- Opening Delimiter -

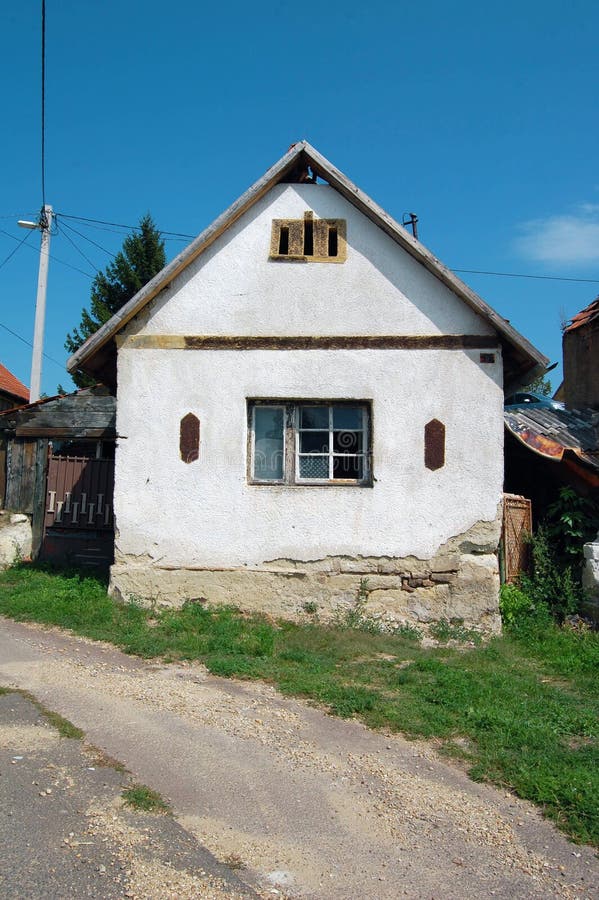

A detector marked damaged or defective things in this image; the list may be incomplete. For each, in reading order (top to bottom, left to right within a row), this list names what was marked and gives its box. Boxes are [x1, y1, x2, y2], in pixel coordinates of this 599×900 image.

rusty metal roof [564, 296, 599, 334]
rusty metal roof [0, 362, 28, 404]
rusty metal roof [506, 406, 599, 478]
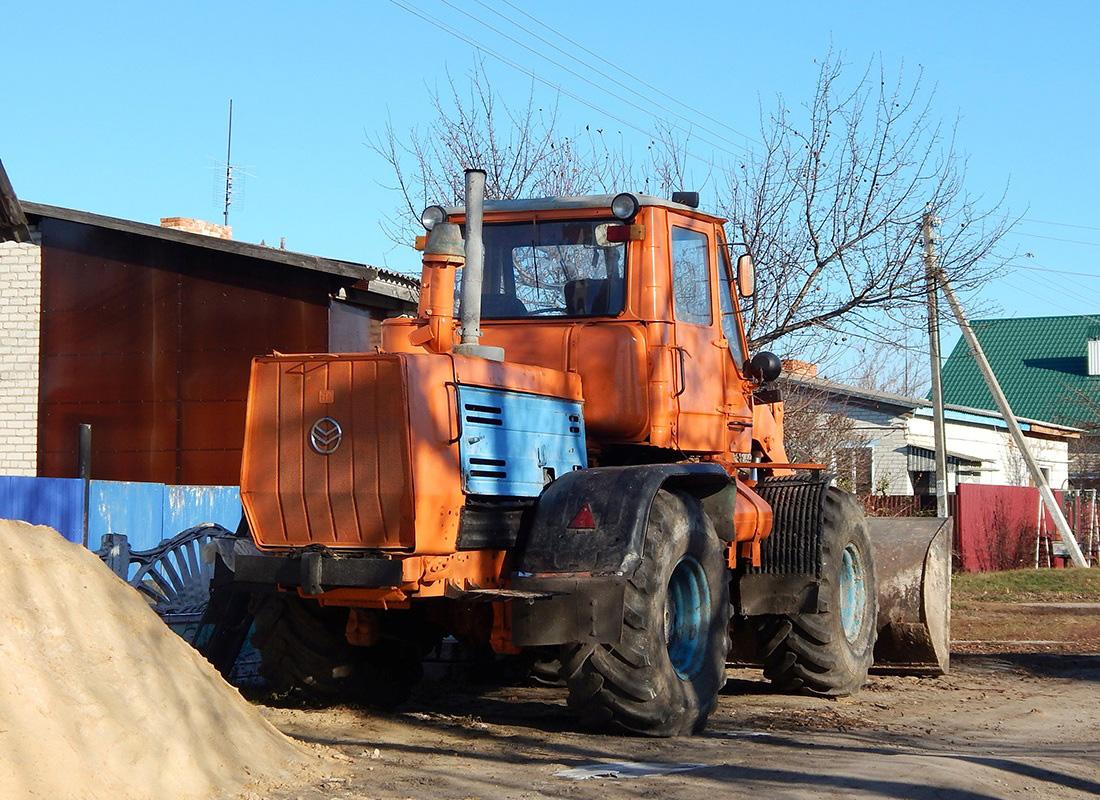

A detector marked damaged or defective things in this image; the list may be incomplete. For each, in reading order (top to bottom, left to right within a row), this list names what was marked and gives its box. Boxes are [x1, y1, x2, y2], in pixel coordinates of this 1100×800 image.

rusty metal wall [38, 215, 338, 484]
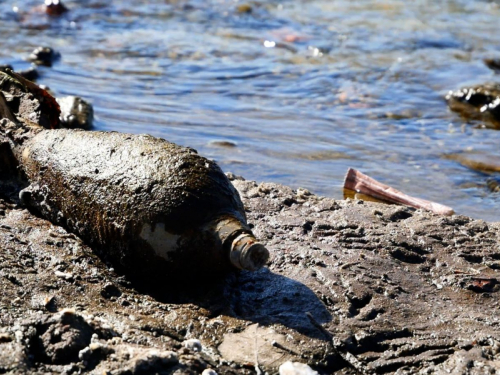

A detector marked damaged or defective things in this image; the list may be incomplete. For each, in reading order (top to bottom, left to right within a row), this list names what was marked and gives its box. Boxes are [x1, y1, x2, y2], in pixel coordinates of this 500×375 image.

- Closing Delimiter -

WHAT IS BEING ASKED ▸
All that should be printed is the lines from the one containing "this 1100×800 image." through the last line of the material above, both ends included, exactly as they stand; please skip the pictures.

COMPLETED TASK ▸
A detector marked damaged or defective things in this image; the list may be incomplete. For each, in reading order (top to bottom, left to right within a row), this list names what was marked and gives its box. Boxes are [x1, y1, x2, y2], in pixel coordinates of this 1100×800 image.

rusty metal wall [38, 215, 338, 484]

A detector marked damaged or defective things in this image; the list may be incomplete. For each, in reading order (top to bottom, left to right within a row), this list names what was marked and gives its box. Boxes are [x1, y1, x2, y2], in pixel coordinates of this 500×375 image.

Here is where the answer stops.